On 22 January 1962 the Beatles had their first gig at Kingsway, which was then known as the Kingsway Club. On 5 February 1962, Ringo Starr made his debut with the Beatles at Kingsway when he replaced then-drummer Pete Best, who was ill at the time. The Beatles are known to have made 7 appearances at the Kingsway in 1962 before moving onto bigger projects and fame.

The Kingsway also hosted performances by Tom Jones, Engelbert Humperdinck, Norman Wisdom (while filming What's Good for the Goose film at the Birkdale Palace Hotel in 1969), Larry Grayson, Tom O'Connor, and Cilla Black.
Golfer Lee Trevino visited the casino of the Kingsway during the Open Golf in the 1960s.

In the 1960s, 1980s and 1990s, the Kingsway was Southport's major nightclub, attracting very large crowds of partygoers every weekend. Cabaret acts were booked for the week, and audiences were thin on the ground Monday to Thursday; and for a comedian it was a hard club to work on those nights. In the late 1990s it was renamed "Bliss". It also added a bingo hall.

The Kingsway was closed in 2003 and reopened in November 2006. The nightclub was reopened as "Kingsway" and the bar re-opened as "Berlin's Bar" by well known club owner Paul Clarke. This new start was short-lived; the nightclub closed the following year.
Longest serving member of staff was DJ Jay 19 years hosting and djing over nearly 2 decades.
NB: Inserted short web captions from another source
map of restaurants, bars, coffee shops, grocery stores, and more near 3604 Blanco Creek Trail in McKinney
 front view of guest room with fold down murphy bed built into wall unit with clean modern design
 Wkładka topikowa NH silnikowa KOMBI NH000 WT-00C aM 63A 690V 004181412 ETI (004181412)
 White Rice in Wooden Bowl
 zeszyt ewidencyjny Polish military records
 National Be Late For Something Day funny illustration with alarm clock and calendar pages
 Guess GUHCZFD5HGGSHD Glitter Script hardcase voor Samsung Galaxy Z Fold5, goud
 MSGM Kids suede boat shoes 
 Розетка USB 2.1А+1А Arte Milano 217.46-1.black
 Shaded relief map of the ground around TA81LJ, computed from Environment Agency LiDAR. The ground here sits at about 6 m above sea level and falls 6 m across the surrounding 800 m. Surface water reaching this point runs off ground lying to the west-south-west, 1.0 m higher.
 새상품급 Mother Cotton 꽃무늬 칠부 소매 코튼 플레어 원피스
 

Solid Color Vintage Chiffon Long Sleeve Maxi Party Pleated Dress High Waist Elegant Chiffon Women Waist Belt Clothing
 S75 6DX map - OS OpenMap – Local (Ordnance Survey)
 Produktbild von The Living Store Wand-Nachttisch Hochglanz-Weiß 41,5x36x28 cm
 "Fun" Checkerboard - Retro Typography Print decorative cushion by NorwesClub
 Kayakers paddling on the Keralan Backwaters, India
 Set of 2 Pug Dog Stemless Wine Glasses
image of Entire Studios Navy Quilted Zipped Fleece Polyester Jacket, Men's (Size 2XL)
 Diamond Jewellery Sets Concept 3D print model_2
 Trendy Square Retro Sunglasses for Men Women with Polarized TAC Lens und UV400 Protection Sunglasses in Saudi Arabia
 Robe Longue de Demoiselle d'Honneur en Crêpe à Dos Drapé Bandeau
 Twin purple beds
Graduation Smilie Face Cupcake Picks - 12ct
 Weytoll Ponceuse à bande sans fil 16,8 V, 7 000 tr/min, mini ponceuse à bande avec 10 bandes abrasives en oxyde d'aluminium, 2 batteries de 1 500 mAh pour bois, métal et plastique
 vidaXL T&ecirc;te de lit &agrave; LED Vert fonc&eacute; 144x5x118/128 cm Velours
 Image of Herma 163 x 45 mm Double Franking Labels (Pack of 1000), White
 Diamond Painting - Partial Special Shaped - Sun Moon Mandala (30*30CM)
For the next 3 years, the building stood empty and fell into disrepair. In 2008, a £9 million plan was announced to demolish the site and build a 100-room hotel, 54 apartments, and 4000 sqft of retail space. However, none of the designs that were put forward came to a practical stage. Structural work in 2009 was carried out to support part of the building, as it had become unsafe.

===Fire===
On 6 September 2010, a major fire destroyed the derelict building, attracting much attention from national media. The fire, with flames reaching 80 ft high, was attended to by 50 firefighters and took 12 hours to extinguish. The southwest facade of the building collapsed onto the Kingsway road after the roof caved in during the fire.

The damage was so severe that demolition commenced on 8 September 2010. The roads around the building were closed due to the building's dangerous state and the risk of further collapse. A day after the demolition, a spokesperson for the Merseyside Fire and Rescue Department said that the blaze was caused by arson.